Chapter 4
He Said I Was Nothing Without Him And I Signed For Everything Chapter 04
The rain came down harder.
I lowered my head and looked at my hand.
Blood streamed down my fingers, mixing with the rain. My palm had already gone numb.
I knew.
In this life, I would never paint again.
When I was six, my mother hired a renowned teacher to teach me how to paint. For the next twenty years, painting had stayed with me. It had long stopped being just a skill.
After the Sallow family collapsed, I used this hand to pay off our debts.
When Cassian was at his lowest, I used it to help him secure his first investment.
But later, he only said my paintings were tools I used to flatter the powerful.
Now this hand was ruined.
He should have been satisfied.
Cassian stood in the rain, staring hard at my right hand as the color slowly drained from his face.
He shoved Isla away and walked toward me.
“Maren…”
He bent down to help me. I turned away, and his hand froze uselessly in the air.
Isla suddenly clutched her stomach and drew in a soft breath.
“Cassian, my stomach hurts…”
Cassian turned back at once.
She leaned against the doorway, tears spilling as if on command.
“When Maren rushed at me just now, I was so scared.”
“I know she didn’t mean it, but the baby…”
Before she could finish, her whole body went limp into Cassian’s arms.
The panic in Cassian’s eyes cooled almost immediately. When he looked at me again, only disgust remained.
“Maren, you’d even go after a pregnant woman?”
I was trembling from the pain, but I still lifted my head.
“I never touched her.”
Cassian’s voice hardened.
“Enough.”
“You think hurting your hand will make me feel sorry for you?”
“Stop acting, Maren.”
He turned to his assistant.
“Have her committed. Let them straighten her out.”
Then Cassian lifted Isla into his arms and strode away.
The guards dragged me up from the rain.
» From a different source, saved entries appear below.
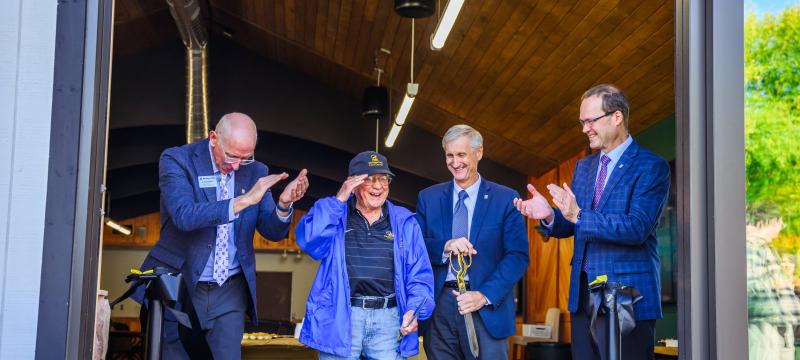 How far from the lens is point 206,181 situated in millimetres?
4277

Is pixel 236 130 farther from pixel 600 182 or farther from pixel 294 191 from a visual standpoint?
pixel 600 182

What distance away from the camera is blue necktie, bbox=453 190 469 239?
4676 millimetres

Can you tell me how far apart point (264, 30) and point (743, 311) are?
1037 cm

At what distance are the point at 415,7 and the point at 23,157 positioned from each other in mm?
4526

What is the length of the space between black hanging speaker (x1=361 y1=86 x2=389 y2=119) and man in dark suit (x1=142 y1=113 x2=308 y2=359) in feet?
22.8

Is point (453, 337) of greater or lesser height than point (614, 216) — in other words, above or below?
below

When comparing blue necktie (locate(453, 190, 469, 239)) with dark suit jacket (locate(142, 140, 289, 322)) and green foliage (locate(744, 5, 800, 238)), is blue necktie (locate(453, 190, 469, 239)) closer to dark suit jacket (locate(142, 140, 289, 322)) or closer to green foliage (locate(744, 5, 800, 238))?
dark suit jacket (locate(142, 140, 289, 322))

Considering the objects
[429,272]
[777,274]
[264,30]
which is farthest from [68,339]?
[264,30]

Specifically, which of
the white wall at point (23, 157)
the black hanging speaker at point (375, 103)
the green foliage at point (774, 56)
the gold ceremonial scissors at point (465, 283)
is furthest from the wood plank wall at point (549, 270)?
the white wall at point (23, 157)

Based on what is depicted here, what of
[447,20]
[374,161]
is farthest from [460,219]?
[447,20]

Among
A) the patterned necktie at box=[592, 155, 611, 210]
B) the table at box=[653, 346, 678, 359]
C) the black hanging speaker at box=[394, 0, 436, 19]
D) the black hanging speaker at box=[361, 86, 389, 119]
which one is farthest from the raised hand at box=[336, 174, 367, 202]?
the black hanging speaker at box=[361, 86, 389, 119]

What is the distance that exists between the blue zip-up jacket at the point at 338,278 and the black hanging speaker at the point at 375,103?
6.98m

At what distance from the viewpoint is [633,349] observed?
363 centimetres

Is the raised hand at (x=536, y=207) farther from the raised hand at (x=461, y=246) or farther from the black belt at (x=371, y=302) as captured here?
the black belt at (x=371, y=302) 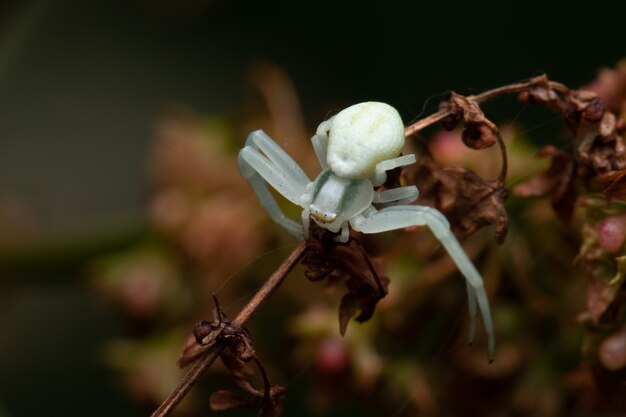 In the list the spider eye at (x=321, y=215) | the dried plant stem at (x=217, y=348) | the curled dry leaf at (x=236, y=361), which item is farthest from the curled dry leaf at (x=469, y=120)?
the curled dry leaf at (x=236, y=361)

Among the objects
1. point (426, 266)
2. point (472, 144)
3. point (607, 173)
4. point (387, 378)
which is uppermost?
point (472, 144)

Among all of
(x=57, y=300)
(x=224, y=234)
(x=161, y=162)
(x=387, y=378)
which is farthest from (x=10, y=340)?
(x=387, y=378)

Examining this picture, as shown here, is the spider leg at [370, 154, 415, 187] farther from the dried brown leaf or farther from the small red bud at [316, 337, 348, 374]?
the small red bud at [316, 337, 348, 374]

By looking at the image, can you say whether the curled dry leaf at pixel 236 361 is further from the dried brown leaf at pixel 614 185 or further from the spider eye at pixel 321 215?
the dried brown leaf at pixel 614 185

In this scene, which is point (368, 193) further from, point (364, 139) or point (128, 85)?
point (128, 85)

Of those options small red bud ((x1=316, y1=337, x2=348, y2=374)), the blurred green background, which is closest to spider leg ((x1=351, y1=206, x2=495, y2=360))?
small red bud ((x1=316, y1=337, x2=348, y2=374))

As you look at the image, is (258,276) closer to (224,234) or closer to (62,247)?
(224,234)

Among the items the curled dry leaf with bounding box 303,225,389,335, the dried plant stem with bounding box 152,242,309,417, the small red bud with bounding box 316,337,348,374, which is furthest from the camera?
the small red bud with bounding box 316,337,348,374

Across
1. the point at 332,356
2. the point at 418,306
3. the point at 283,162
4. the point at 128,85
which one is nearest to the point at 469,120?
the point at 283,162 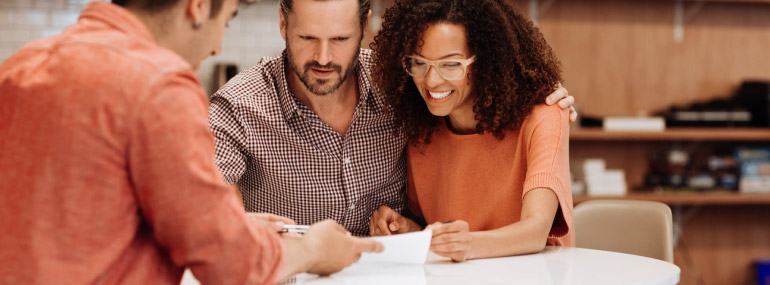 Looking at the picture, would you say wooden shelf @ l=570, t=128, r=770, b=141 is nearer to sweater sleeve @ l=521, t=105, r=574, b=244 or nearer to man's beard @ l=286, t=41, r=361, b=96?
sweater sleeve @ l=521, t=105, r=574, b=244

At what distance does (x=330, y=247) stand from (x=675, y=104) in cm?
369

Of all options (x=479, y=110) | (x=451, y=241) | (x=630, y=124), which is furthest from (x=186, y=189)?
(x=630, y=124)

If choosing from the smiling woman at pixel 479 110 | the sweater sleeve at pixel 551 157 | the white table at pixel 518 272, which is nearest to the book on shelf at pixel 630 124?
the smiling woman at pixel 479 110

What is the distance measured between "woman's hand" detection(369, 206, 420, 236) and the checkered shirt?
137 millimetres

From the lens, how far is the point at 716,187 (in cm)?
432

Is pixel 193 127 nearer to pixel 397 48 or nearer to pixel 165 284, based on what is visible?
pixel 165 284

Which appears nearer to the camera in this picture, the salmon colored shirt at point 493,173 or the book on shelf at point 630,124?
the salmon colored shirt at point 493,173

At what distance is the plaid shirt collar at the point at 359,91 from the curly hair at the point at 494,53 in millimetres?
124

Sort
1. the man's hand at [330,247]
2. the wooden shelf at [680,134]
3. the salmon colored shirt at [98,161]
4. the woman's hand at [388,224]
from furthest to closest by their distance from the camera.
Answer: the wooden shelf at [680,134] → the woman's hand at [388,224] → the man's hand at [330,247] → the salmon colored shirt at [98,161]

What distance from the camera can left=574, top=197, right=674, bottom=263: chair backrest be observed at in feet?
8.00

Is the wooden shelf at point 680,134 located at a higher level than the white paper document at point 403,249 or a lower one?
lower

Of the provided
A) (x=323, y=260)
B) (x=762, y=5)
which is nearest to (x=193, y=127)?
(x=323, y=260)

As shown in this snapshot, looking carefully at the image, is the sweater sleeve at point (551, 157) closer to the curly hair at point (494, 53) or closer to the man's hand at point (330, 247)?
the curly hair at point (494, 53)

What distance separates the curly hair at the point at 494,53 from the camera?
1998mm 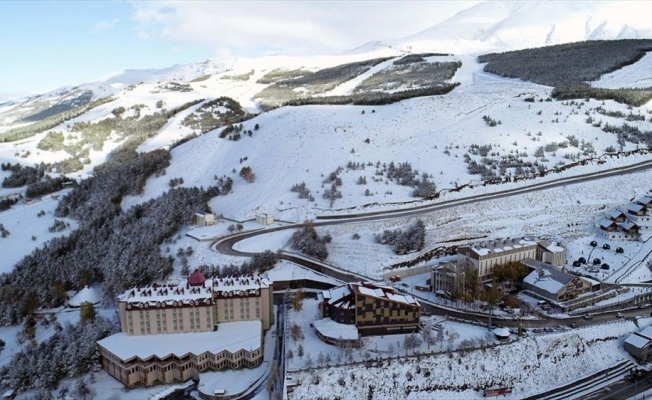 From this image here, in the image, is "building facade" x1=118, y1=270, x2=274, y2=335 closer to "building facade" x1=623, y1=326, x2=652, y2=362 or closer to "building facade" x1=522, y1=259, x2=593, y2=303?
"building facade" x1=522, y1=259, x2=593, y2=303

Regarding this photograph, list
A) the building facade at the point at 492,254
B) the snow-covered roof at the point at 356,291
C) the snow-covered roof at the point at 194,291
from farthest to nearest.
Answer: the building facade at the point at 492,254
the snow-covered roof at the point at 194,291
the snow-covered roof at the point at 356,291

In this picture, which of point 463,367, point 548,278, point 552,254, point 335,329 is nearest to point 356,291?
point 335,329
The moment they pulled at my right hand, pain shot straight to my skull.
Before I blacked out, I saw Cassian carrying Isla into his car.
And I was shoved into another one, taken to a psychiatric facility on the outskirts of the city.
That night, the door opened.
A man stepped inside and came toward my bed with a syringe in his hand.
Beside me, my chart hung in plain view, the warning stamped in red: contraindicated.
I struggled to move away.
Then Isla’s voice came from outside the door.
“Maren never knows how to behave.”
“Give her the shot. She’ll quiet down.”
The next second, a guard pinned my shoulders to the bed. Cold liquid was pushed into my body.
Soon, I couldn’t breathe.
My throat felt sealed shut. The lights above me blurred into widening circles.
I tried to grab onto something.
But the right hand that had once held a brush would not lift again.
…
Three days later, Cassian arrived at Blackridge Psychiatric Center.
Maddox hesitated beside him.
“Cassian, wasn’t committing Maren a little too far?”
Cassian gave a cold laugh.
“I gave clear orders. No one would dare touch her.”
“This was just to teach her a lesson.”
But the director stood in front of him, his forehead slick with sweat.
“Mr. Veyne, Ms. Sallow suffered a severe allergic reaction three days ago. We couldn’t revive her.”
“She’s dead.”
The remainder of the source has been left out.